Mobile Phone Service Being Established in NK
8 05 2008
SEOUL (Yonhap) — The groundwork for establishment of a mobile phone service is being laid in North Korea, said an official of an Egyptian company preparing to operate the service in the isolated communist country, according to a Washington-based radio station in early May.
Radio Free Asia (RFA) on May 1 quoted Stefano Songini, investor relations director of Orascom Telecom Holding S.A.E., as saying in an e-mail interview, “Our operation people are currently on the ground working on the deployment of the business.” Orascom is the fourth-largest Arab mobile phone operator based in Cairo, Egypt. Songini, however, said, “We have not officially communicated a launch date for our operations.” Orascom earlier said the service will likely begin in May.
The RFA said the groundwork could mean setting up telecom towers or checking connections among mobile base stations, citing communication analysts in the United States.
Orascom said in a Jan. 30 press release that its subsidiary Cheo Technology was granted “the first commercial license to provide a mobile telephony service” in North Korea. Cheo secured a 25-year license and will invest up to US$400 million in network infrastructure over the first three years, along with service for the capital city Pyongyang and most of the major cities during the first 12 months in operation.

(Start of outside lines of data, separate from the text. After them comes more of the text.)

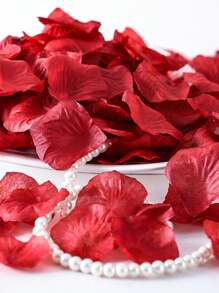 1000/3000/5000 片人造玫瑰花瓣，婚礼派对抛花瓣，求婚婚礼场地装饰花瓣，氛围装饰假花瓣夏季生日礼物海滩返校学校用品房间装饰 - 酒紅色 - 查看 7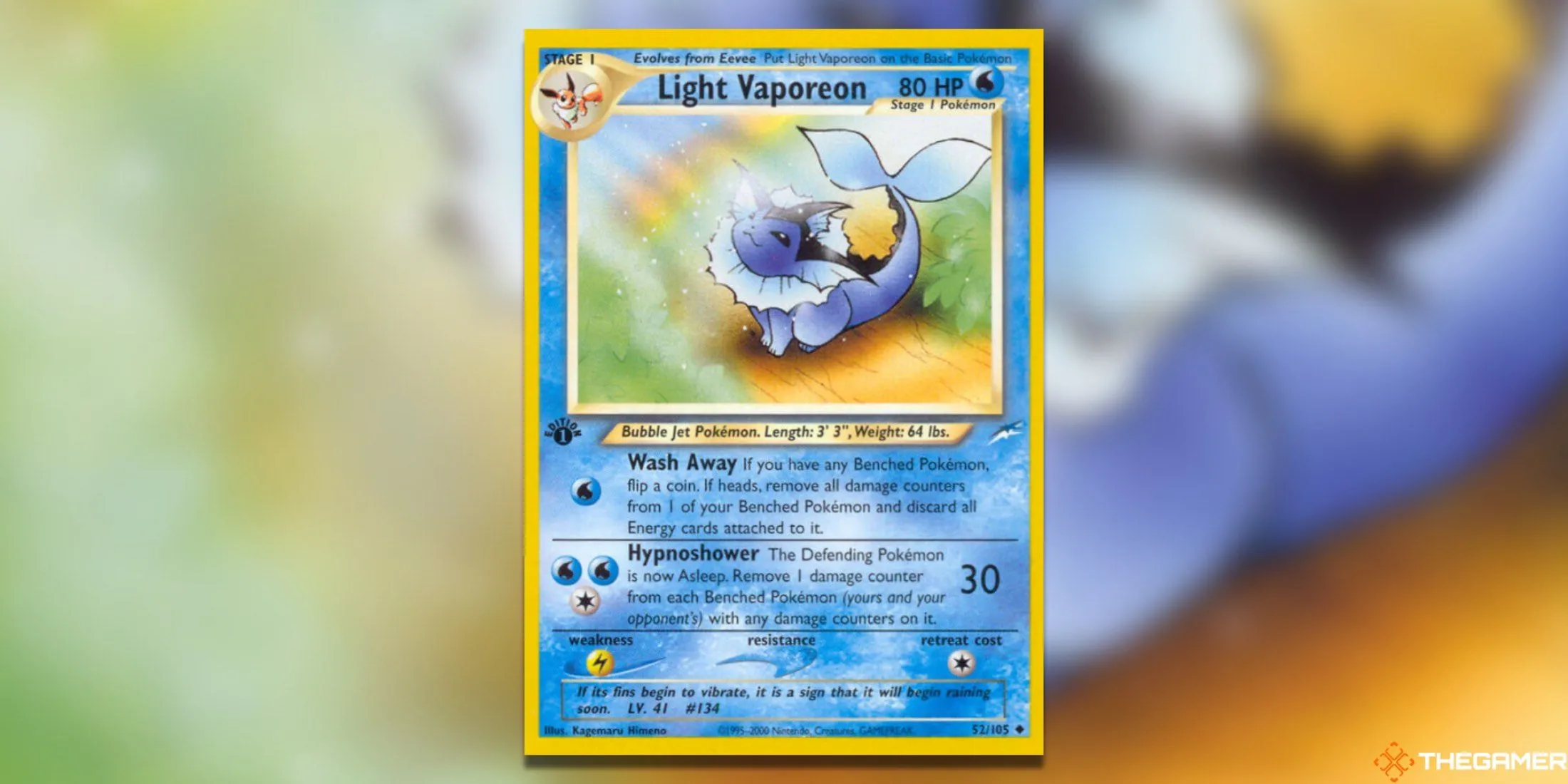 Thẻ bài Light Vaporeon từ bộ Neo Destiny trong Pokemon TCG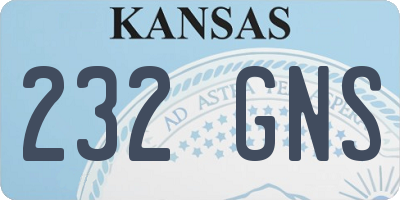 KS license plate 232GNS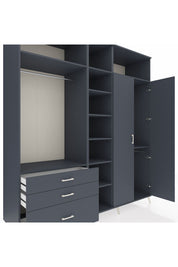 Kronos Dolap 10 Raflı 3 Çekmeceli 2 Askılı 220x59x243 Antrasit-Antrasit/Antrasit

North Korean mobile phones will use the Wideband Code Division Multiple Access system, which can provide coverage of not only voice but also data like music and moving pictures, the RFA added.
Then, another Yonhap report claims that “Pyongyang tightly controls all means of transmitting information, including cellular phones, and in October executed the head of a factory in front of 150,000 people because he had made international phone calls…”
Currently, diplomats accredited in the DPRK and authorised North Koreans are using the “Sun-Net” - a GSM mobile system with several hundred subscribers and SIM cards on sale for 450 Euros per number.